Poco 'neo' y casi nada de 'soul'
Erykah Badu ofrece un concierto breve y refinado, sin carne en el asador
A Erica Abi Wright tendremos que pedirle algún día de estos, cuando cojamos más confianza, la dirección de su estilista. No por interés propio -algunos casos ya tienen a esta altura mal remedio-, sino para reconocer el mérito de quien fue capaz de crear peinados contrarios a la ley de la gravedad y ahora convierte a esa misma mujer en una diva refinada con fular estampado y sombrero tejano. Erykah Badu, como la conocemos sobre las tablas, es de Dallas y hay que hacer patria. Resuelto el dilema estético, confiemos en que la dama encuentre mejores asesores musicales: los actuales la han querido sofisticar tanto que se nos ha quedado siesa y anodina.
Badu se abonó a la fea costumbre de estas últimas fechas según la cual estamos en verano, esto es España, la cerveza corre en cantidades generosas y los horarios constituyen un trámite engorroso al que dedicarle una ostentosa pedorreta. Un pinchadiscos amenizó la espera con una sesión abundante en Prince y derivados, pero a los 40 minutos de retraso se sumaron otros 10 durante los que la banda se entretuvo con una rutinaria sesión de jazz-funk instrumental y anodino. Puede que ni uno solo de los 1.600 asistentes hubiera aflojado 50 euros para semejante oda al bostezo.
Había buenos instrumentistas y un intenso sentido de autocomplacencia
Al final, Erykah demora tanto el comienzo de la faena que se expone a que toda la producción de adrenalina termine aguándose en la ribera del Manzanares.
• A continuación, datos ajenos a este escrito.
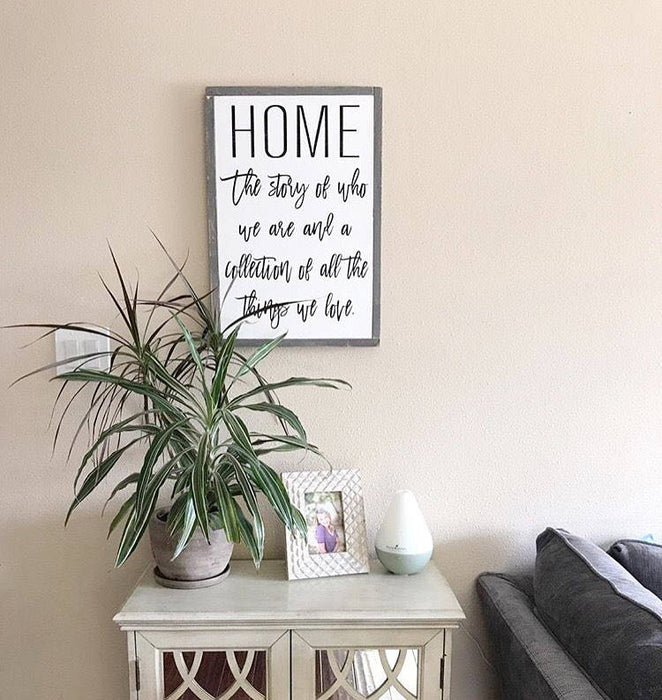 Home: The story of who we are... | 17x21 inch Wood Framed Sign | 3D Lettering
Y en esos casos ya no hay cuerpo humano que se recupere, así se vaya la artista despelotando por medio de Dallas -como en su controvertido último vídeo, Window seat- o decida practicar el pino-puente en mitad del escenario.
Escogió Badu un repertorio plácido e intrascendente para empezar, algunos temas de su último álbum (New Amerykah Part Two) que, como 20 feet tall o Out my mind, son tan etéreos y contemplativos, y abusan tanto del efecto eco para la voz, que entraban ganas de echarse una rebequita a los hombros para combatir el frío. Veníamos motivados, acaso hasta voluptuosos, pero nos encontramos con el anticlímax.
Lo cierto es que la predicadora del neo soul se plantificó en el centro del escenario, dispuesta a no mover el sombrero del sitio, ni siquiera cuando se incorporaron sus cuatro coristas para animar el cotarro. Había poco de neo y casi nada de soul, para disgusto de quienes recordaban (recordábamos) su concierto de 2008: rebelde, provocadora, visceral. Aquel día parecíamos abocados, de tanta pasión, al concurso del cuerpo de bomberos; anoche prefirió enfurruñarse porque los cigarros, en plena Casa de Campo, no le dejaban respirar.
El sonido fue impecable, sí, como una exquisita demostración de alta fidelidad en la calle de Barquillo, pero durante dos terceras partes del concierto pareció que nadie se encargaba de alimentar la parrilla con un poquito de carne. Y esa es mala señal, con independencia de que la señora, en el legítimo uso de sus libertades, haya abrazado la causa del vegetarianismo. Había buenos instrumentistas, óptimas segundas voces y una intensa sensación de autocomplacencia. A las 23.58, cuando amagaba con desabotonarse la camisa al ritmo de Window seat, los técnicos le hacían gestos de que finalizara. En ese punto de la noche sí que rige la puntualidad.